In Cloud SQL PostgreSQL, excessive archived WAL (Write-Ahead Log) file accumulation on read replicas typically points to replication lag, though point-in-time recovery (PITR) retention can also contribute. Under normal conditions, CSQL automatically removes WAL files once they are no longer required for replication or recovery. However, significant lag can prevent this cleanup. Common causes of replication lag include network latency, insufficient replica resources, long-running queries on the replica that block the apply process, or stalled replay processes. A long PITR retention window can also increase the amount of WAL retained, as Cloud SQL must preserve logs for recovery within the retention period.

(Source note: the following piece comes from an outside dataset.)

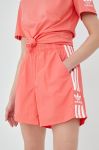 Шорти adidas Originals Adicolor HF7454 жіночі колір рожевий з аплікацією висока посадка Шорти adidas Originals Adicolor HF7454 жіночі колір рожевий з аплікацією висока посадка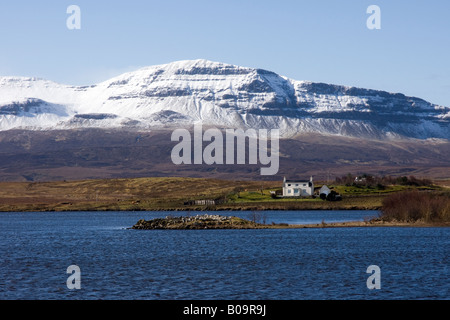 Blick über Loch Mealt mit Beinn Edra Schnee und blauer Himmel Stockfoto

To address this issue, start by verifying replication health using the Cloud Console or gcloud CLI to identify lag or errors. Resolve replication issues by increasing replica resources, optimizing replica-side queries that might block the WAL apply process, and ensuring stable network connectivity. While improving primary instance performance—particularly addressing long-running or "idle in transaction" queries using tools like pg_stat_activity—is generally helpful, the direct impact on WAL accumulation primarily stems from replica-side optimizations.

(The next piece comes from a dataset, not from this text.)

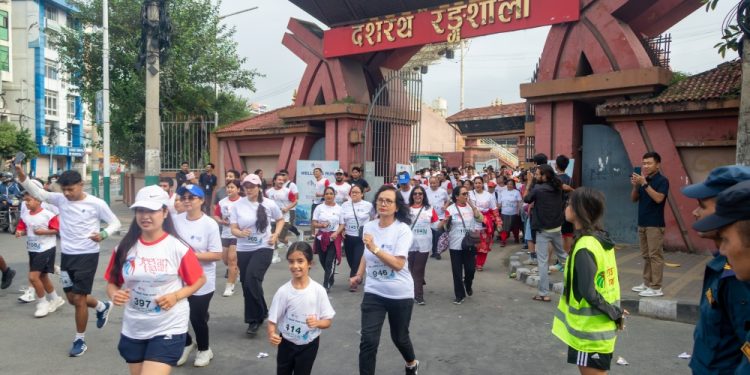 आरोग्यका लागि दौड, समाजका लागि योगदान: २ हजारभन्दा बढीको सहभागितामा दौड सम्पन्न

If PITR is enabled, consider reducing the retention window, balancing storage reduction with recovery needs. Avoid removing the replica unless it is no longer required, and only recreate it if replication is irreparably broken, as indicated in error logs. Investigate long-running or idle transactions on the primary database, as they can generate substantial WAL, overwhelming the replica and delaying replay.

Importantly, never manually delete WAL files. Doing so can severely disrupt replication and recovery processes. CSQL automatically manages WAL cleanup once the files are no longer needed. By addressing these underlying issues, you can ensure efficient WAL management, avoid storage bloat, and maintain the health of your replicas.

Rajatj21

Hi @ms4446

I did check the replication lag, it looks okay.

We used to have WAL log accumulation on the master DB as well but we switched the PITR storage location from disk to cloud storage, so the issue on main DB was gone, but the replica is still facing this issue.

The pg_stat_actiivty command also didn't return any stuck transaction,

Thank you

ms4446

In Cloud SQL excessive archived WAL file accumulation on a replica typically points to replication lag, even after resolving similar issues on the primary instance by moving PITR storage to Cloud Storage. This suggests that the replica is unable to process WAL changes fast enough, leading to a backlog. While pg_stat_activity indicates no current long-running or idle transactions, past intermittent issues may still have contributed. The replication lag spikes seen in the provided chart suggest periodic delays caused by resource limitations, network latency, or large transactions.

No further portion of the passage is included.